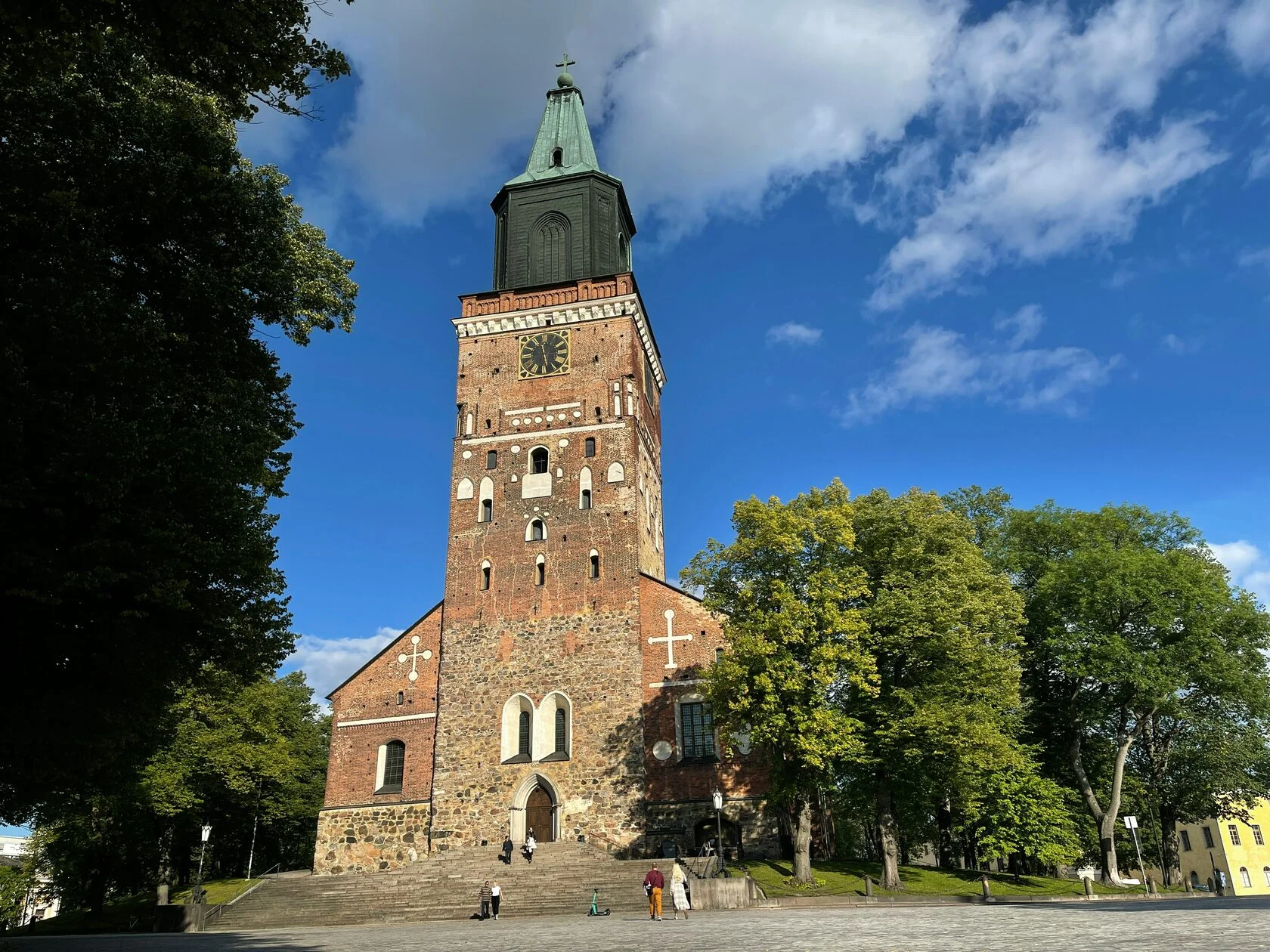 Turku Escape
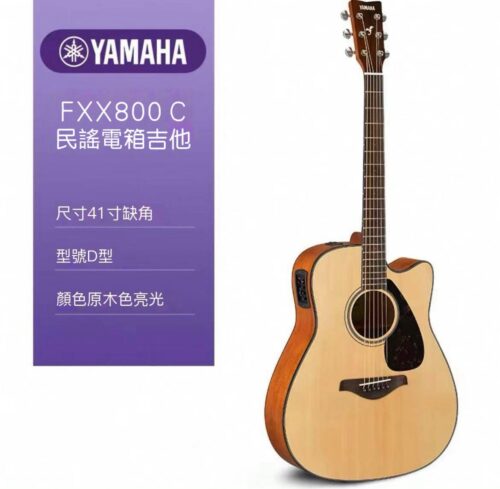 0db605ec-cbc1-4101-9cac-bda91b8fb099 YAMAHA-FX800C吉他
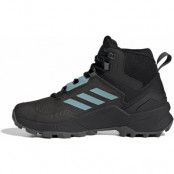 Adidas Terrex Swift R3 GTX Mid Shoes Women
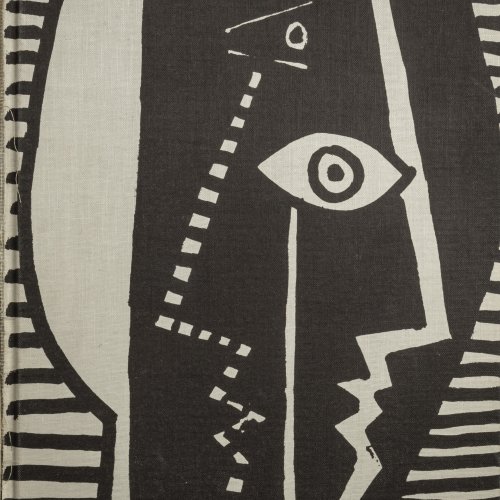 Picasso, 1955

────────

Task requirements: Repeat the material above in full and unchanged, minus its images.

Problem solution:
 Turku Escape
 0db605ec-cbc1-4101-9cac-bda91b8fb099 YAMAHA-FX800C吉他
 Adidas Terrex Swift R3 GTX Mid Shoes Women
 Picasso, 1955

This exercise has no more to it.